Huckabee, tartışmalı füze saldırısına ilişkin iddiaları küçümseyen ifadeler kullandı. "İsrail Katar'a saldırmadı," diyen Büyükelçi, operasyonu şu sözlerle savundu: "Bu, İsrail vatandaşlarının öldürülmesinden kısmen sorumlu olan bir teröriste yönelik hassas bir vuruştu. Tek bir füze, tek bir hedef… Ülkeye yönelik bir saldırı söz konusu değil."
Saldırıda sivillerin yaralandığının ve ölenlerin bulunduğunun hatırlatılması ise Huckabee'nin yorumunda herhangi bir değişikliğe yol açmadı. Büyükelçi, bu kayıpları "operasyonun istenmeyen sonuçları" şeklinde nitelendirdi.
Huckabee'nin açıklamalarındaki en büyük yankı uyandıran bölüm ise benzetme oldu. Büyükelçi, İsrail'e yöneltilen eleştirilerin haksız olduğunu savunarak ABD'nin 2011'de Pakistan topraklarında düzenlediği Usame bin Ladin operasyonunu örnek gösterdi.
"Eğer bu tür operasyonlar bir ülkeye saldırı olarak değerlendirilecekse," dedi ve ekledi: "O zaman Amerika Birleşik Devletleri de Pakistan'dan özür dilemelidir." Bu çıkış, uluslararası hukuk ve egemenlik tartışmalarını yeniden alevlendirdi.

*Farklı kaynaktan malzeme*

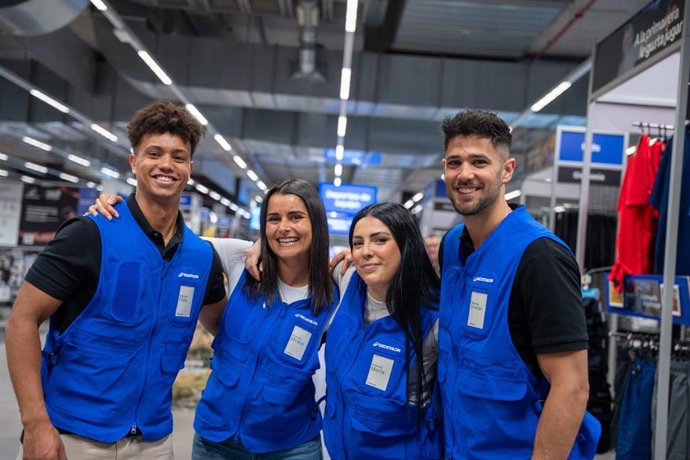 Trabajadores de Decathlon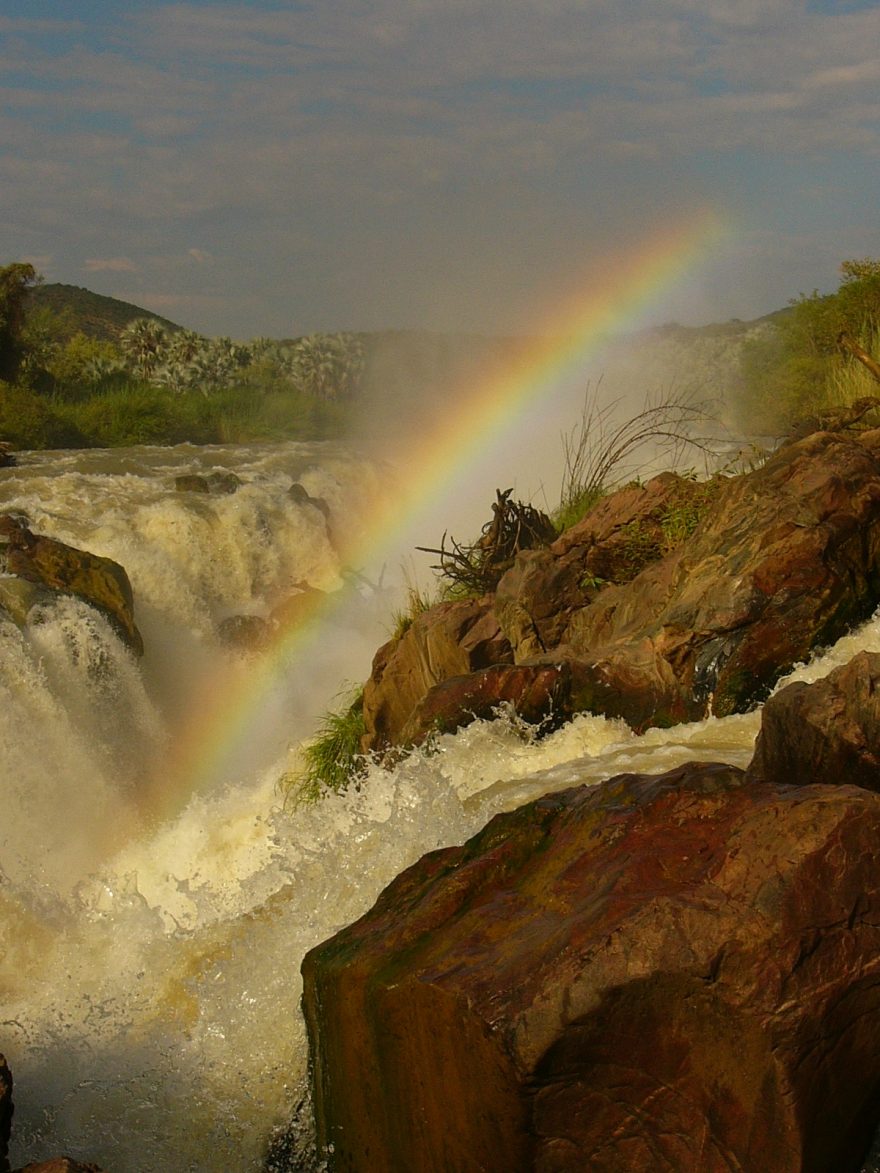Divoká a krásná řeka Kunene, tvořící část státní hranice, je doslova vodním rájem, skýtajícím balzám pro oči i znavené tělo.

Huckabee, konuşmasının sonunda İsrail'e yönelik eleştirilerin artmasının "çifte standart" olduğunu öne sürdü: "İsrail'e diğer uluslardan farklı bir standart uygulanamaz. Müttefiklerimizin güvenlik hakkını tartışmayız."
ABD'li Büyükelçinin çıkışı, hem Körfez ülkelerinde hem de uluslararası arenada yeni diplomatik tartışmaların fitilini ateşledi. Gözler şimdi Katar'ın ve bölge ülkelerinin bu açıklamalara nasıl yanıt vereceğinde.